The rise and rise of Bitcoin has grabbed the world’s attention, yet its devastating potential still isn’t widely understood. Yes, we all know it’s a digital currency. But the developers who worked on Bitcoin believe that it represents a technological breakthrough that could sweep into obsolescence everything from social networks to stock markets… and even governments.
In short, Bitcoin could be the gateway to a coming digital anarchy – “a catalyst for change that creates a new and different world,” to quote Jeff Garzik, one of Bitcoin’s most prolific developers.
It’s already beginning. We used to need banks to keep track of who owned what. Not any more. Bitcoin and its rivals have proved that banks can be replaced with software and clever mathematics.
And now programmers of a libertarian bent are starting to ask what else we don’t need.
Imagine driverless taxis roaming from city to city in search of the most lucrative fares; a sky dark with hovering drones delivering your shopping or illicit drugs. Digital anarchy could fill your lives and your nightmares with machines that answer to you, your employers, crime syndicates… or no one at all. Nearly every aspect of our lives will be uprooted.
To understand how, we need to grasp the power of the “blockchain” – a peer-to-peer ledger which creates and records agreement on contentious issues with the aid of cryptography.
A blockchain forms the beating heart of Bitcoin.
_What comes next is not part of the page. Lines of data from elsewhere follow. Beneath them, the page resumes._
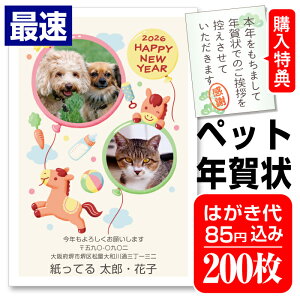 ő ybgN ʐ^N 200 RҏW N͂ Nʕt N󂶂܂V[t Iׂ閇 olR 킢 2026N  n ߔN yybgNz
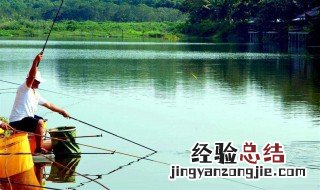 钓鱼怎么钓才能钓到大鱼 钓鱼怎么钓才能钓到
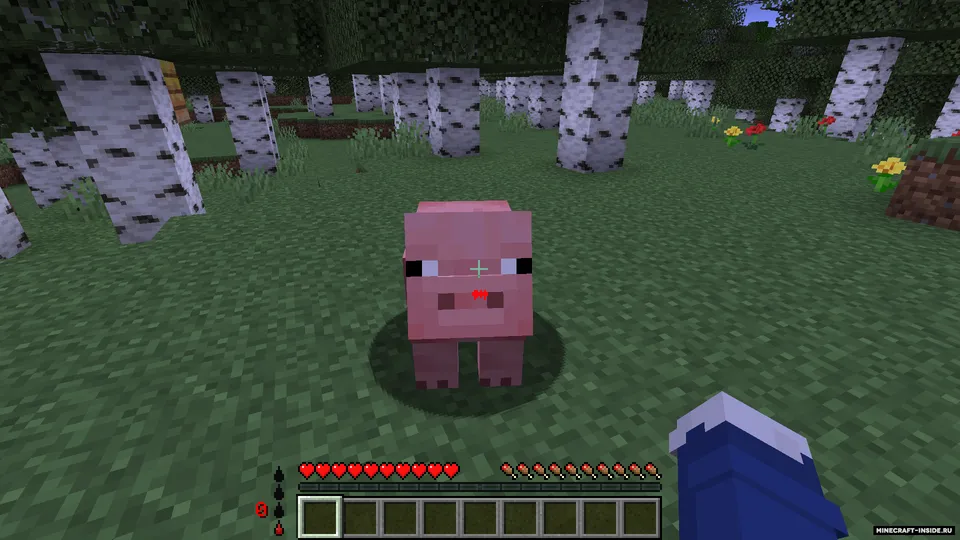 Modern Vampirism — Minecraft mod, rasm 4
In time, blockchains will power many radical, disruptive technologies that smart people are working on right now.
Until recently, we’ve needed central bodies – banks, stock markets, governments, police forces – to settle vital questions. Who owns this money? Who controls this company? Who has the right to vote in this election?
Now we have a small piece of pure, incorruptible mathematics enshrined in computer code that will allow people to solve the thorniest problems without reference to “the authorities”.
The benefits of decentralised systems will be huge: slashed overheads, improved security and (in many circumstances) the removal of the weakest link of all – greedy, corruptible, fallible humans.
But how far will disruptive effects reach? Are we rapidly approaching a singularity where, thanks to Bitcoin-like tools, centralised power of any kind will seem as archaic as the feudal system?
If the internet revolution has taught us anything, it’s that when change comes, it comes fast.
…Here’s an illustration. The University of Abertay in Dundee now offers a four-year BSc in “Ethical Hacking”. Abertay is a minor university and some of its other courses – eg, a BSc in “Performance Golf” – invite ridicule. So, on the face of it, does “Ethical Hacking”, which could mean anything.
Click through to details of the course, however, and you realise that it’s cleverly designed to address the growing anxieties of large organisations that live in fear of digital sabotage.
According to the prospectus, “the business world is seeing a rapid increase in the demand for ethical or white hat, hackers, employed by companies to find security holes before criminal, black hat, hackers do … Hackers are innately curious and want to pull things apart. They experiment and research. A hacker wants to learn and investigate. The aim is for you to arrive on this programme as a student and leave as an ethical hacker.”…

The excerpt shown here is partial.